What is needed → From the records below, pull each line that has "hidden".

Short descriptive text snippets →

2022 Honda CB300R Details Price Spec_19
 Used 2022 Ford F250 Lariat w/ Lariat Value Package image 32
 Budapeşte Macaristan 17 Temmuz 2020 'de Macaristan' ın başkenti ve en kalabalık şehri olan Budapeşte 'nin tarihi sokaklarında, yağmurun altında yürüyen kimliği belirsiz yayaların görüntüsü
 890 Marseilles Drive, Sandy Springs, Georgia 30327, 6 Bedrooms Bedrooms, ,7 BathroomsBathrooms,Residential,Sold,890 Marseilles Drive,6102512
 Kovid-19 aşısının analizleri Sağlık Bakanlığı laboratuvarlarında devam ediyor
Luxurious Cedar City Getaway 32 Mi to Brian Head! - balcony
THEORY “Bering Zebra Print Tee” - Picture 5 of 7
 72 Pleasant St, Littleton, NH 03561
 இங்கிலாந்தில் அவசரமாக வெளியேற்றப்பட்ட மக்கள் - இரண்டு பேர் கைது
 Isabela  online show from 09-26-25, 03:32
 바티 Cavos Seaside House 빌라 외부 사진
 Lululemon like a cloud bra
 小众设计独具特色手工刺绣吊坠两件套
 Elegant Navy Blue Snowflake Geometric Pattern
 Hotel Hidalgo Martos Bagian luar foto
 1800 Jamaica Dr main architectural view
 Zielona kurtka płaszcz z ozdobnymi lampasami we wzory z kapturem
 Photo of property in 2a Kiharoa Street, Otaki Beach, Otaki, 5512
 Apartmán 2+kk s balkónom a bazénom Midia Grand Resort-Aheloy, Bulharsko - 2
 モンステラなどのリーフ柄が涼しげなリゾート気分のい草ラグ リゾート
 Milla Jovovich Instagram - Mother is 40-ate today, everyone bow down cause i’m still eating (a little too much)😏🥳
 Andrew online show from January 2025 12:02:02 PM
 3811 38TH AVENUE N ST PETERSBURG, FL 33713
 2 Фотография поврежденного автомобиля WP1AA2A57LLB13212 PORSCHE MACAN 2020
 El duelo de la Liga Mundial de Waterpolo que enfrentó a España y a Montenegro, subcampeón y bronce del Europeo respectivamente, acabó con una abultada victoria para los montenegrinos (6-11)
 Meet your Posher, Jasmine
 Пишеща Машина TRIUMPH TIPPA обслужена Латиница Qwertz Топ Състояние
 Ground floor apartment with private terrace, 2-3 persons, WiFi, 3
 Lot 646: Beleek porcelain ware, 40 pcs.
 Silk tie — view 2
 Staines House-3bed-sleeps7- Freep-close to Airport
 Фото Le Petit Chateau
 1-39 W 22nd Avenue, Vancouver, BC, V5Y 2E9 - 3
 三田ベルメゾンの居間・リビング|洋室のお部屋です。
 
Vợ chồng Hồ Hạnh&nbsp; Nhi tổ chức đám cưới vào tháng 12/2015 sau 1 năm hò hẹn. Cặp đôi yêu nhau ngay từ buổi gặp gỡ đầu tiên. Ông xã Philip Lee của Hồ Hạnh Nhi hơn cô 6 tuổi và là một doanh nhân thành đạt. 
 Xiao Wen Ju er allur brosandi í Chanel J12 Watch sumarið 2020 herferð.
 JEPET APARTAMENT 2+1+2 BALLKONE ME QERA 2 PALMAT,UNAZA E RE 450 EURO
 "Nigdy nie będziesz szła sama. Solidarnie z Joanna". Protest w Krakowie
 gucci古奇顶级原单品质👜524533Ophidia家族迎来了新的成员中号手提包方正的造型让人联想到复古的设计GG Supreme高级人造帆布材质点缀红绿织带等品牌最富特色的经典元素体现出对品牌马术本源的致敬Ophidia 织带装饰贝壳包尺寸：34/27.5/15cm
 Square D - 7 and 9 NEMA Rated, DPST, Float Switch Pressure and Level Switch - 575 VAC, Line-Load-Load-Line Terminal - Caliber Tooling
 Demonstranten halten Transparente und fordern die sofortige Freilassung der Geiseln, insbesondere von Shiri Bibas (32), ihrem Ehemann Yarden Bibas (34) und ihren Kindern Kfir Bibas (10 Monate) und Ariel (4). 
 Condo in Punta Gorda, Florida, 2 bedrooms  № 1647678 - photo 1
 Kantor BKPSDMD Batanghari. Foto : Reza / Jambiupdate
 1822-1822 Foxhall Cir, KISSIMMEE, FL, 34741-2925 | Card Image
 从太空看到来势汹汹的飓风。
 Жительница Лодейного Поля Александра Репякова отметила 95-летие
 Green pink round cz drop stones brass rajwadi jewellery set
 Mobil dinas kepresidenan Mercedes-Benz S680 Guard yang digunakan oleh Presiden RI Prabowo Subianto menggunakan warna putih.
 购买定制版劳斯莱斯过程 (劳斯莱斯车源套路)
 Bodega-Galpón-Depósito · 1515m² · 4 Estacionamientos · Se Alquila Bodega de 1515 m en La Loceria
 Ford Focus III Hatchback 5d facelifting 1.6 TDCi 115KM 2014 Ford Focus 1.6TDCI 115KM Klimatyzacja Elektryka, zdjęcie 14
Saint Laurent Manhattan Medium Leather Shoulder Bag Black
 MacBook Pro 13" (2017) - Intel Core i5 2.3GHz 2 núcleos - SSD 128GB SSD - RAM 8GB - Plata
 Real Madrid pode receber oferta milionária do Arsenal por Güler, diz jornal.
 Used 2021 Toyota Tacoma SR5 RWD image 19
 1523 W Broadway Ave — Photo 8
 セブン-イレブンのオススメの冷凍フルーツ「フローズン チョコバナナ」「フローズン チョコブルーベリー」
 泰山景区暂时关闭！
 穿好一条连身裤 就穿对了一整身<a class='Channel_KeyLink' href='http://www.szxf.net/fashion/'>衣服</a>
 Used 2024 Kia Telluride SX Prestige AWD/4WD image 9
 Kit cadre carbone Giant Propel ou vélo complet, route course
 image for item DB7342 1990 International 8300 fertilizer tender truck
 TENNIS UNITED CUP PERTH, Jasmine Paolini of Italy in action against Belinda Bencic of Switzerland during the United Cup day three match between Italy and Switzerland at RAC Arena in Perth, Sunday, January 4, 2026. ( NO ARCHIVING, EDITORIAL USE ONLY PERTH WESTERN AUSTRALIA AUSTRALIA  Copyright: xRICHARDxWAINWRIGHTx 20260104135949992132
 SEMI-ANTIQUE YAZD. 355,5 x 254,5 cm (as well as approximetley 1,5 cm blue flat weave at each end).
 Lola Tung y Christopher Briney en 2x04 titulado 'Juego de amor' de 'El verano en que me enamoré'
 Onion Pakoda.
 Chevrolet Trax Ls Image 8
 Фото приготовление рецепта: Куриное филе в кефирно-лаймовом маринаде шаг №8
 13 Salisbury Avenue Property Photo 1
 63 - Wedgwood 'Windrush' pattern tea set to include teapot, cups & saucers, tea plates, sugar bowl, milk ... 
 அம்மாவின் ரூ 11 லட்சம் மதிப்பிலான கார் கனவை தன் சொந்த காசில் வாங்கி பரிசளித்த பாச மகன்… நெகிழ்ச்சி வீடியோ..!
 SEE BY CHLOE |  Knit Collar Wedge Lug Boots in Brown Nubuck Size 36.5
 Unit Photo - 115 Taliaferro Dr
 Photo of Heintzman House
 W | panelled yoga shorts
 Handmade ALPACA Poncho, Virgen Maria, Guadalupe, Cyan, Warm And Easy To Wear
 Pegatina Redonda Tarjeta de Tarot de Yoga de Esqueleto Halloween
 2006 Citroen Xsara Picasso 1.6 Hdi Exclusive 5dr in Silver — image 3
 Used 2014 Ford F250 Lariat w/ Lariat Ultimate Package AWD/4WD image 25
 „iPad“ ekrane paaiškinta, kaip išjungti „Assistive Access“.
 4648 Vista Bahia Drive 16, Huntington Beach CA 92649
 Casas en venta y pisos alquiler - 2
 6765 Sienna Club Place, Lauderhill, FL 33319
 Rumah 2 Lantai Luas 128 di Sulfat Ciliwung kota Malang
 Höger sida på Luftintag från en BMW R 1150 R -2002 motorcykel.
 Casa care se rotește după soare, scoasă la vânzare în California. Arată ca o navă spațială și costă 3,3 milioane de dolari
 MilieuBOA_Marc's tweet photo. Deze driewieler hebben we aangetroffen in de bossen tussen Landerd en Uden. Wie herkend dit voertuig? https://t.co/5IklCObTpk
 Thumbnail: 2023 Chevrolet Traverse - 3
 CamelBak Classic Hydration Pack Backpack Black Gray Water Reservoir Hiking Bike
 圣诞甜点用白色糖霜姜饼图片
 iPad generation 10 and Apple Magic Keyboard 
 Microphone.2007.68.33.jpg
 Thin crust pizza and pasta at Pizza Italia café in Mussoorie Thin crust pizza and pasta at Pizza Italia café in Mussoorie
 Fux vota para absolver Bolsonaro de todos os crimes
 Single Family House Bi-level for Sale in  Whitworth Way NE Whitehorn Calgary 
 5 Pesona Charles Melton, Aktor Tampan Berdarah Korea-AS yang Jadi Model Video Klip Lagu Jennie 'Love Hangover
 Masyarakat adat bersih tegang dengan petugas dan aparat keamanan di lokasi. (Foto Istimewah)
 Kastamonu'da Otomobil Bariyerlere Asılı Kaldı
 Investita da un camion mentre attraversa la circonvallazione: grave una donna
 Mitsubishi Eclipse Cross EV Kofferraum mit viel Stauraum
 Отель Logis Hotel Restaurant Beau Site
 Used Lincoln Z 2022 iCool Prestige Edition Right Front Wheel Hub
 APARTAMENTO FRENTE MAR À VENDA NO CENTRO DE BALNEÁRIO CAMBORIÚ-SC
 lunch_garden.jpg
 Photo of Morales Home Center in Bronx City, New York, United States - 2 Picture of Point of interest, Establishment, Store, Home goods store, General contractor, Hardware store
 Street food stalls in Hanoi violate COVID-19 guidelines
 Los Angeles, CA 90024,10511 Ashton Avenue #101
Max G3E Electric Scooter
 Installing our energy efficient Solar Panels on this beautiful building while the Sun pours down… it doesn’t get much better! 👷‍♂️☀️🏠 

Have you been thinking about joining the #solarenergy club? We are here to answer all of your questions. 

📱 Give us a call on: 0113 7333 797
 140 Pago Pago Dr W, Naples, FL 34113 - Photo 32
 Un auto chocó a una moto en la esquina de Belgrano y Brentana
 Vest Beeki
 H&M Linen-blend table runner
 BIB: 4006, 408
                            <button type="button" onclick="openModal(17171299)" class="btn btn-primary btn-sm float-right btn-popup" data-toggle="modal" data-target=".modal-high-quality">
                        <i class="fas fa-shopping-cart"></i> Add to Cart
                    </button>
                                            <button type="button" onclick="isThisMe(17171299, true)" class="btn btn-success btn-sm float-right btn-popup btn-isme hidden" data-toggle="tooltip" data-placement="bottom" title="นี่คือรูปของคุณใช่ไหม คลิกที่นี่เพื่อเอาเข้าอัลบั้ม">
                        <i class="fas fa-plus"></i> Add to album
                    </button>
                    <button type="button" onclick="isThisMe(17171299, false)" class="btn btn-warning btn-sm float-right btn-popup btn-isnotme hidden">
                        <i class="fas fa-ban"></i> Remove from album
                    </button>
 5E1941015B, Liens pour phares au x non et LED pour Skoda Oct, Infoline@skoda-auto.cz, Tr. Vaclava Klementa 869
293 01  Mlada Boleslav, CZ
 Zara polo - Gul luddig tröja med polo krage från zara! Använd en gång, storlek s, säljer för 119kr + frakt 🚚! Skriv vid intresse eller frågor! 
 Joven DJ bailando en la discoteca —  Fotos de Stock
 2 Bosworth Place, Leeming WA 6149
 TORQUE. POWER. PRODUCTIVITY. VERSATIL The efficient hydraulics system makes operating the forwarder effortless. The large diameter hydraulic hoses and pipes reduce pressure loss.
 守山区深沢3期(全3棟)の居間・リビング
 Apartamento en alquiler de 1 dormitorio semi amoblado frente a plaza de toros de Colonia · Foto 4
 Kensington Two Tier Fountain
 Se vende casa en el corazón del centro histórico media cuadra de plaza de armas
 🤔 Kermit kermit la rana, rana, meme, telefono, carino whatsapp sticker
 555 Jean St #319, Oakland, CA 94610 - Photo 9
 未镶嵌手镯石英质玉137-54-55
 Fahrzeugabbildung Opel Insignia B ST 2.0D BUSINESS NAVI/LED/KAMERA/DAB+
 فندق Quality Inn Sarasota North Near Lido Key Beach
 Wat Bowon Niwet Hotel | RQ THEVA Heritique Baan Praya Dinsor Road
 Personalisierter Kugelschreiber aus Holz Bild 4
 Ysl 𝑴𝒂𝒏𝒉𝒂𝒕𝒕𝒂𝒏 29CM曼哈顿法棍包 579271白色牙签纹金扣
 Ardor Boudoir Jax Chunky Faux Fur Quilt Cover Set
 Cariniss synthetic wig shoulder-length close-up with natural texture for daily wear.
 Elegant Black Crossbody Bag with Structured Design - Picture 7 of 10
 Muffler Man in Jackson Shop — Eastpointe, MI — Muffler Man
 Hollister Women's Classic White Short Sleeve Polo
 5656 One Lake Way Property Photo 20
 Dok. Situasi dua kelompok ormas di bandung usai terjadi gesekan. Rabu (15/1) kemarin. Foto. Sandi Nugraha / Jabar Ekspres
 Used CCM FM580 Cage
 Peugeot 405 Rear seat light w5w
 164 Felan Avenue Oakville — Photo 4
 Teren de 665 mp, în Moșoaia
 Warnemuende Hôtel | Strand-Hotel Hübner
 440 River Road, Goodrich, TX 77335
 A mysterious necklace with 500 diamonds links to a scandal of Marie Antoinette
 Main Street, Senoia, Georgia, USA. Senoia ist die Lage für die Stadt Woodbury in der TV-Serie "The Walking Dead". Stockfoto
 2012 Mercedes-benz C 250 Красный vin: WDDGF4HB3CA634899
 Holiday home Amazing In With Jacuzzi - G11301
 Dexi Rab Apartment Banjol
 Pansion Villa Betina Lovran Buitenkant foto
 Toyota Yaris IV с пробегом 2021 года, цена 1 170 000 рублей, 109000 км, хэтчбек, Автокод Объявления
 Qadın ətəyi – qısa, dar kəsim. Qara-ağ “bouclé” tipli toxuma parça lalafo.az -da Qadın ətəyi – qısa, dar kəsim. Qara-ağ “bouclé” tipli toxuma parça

Result of the task →
                                            <button type="button" onclick="isThisMe(17171299, true)" class="btn btn-success btn-sm float-right btn-popup btn-isme hidden" data-toggle="tooltip" data-placement="bottom" title="นี่คือรูปของคุณใช่ไหม คลิกที่นี่เพื่อเอาเข้าอัลบั้ม">
                    <button type="button" onclick="isThisMe(17171299, false)" class="btn btn-warning btn-sm float-right btn-popup btn-isnotme hidden">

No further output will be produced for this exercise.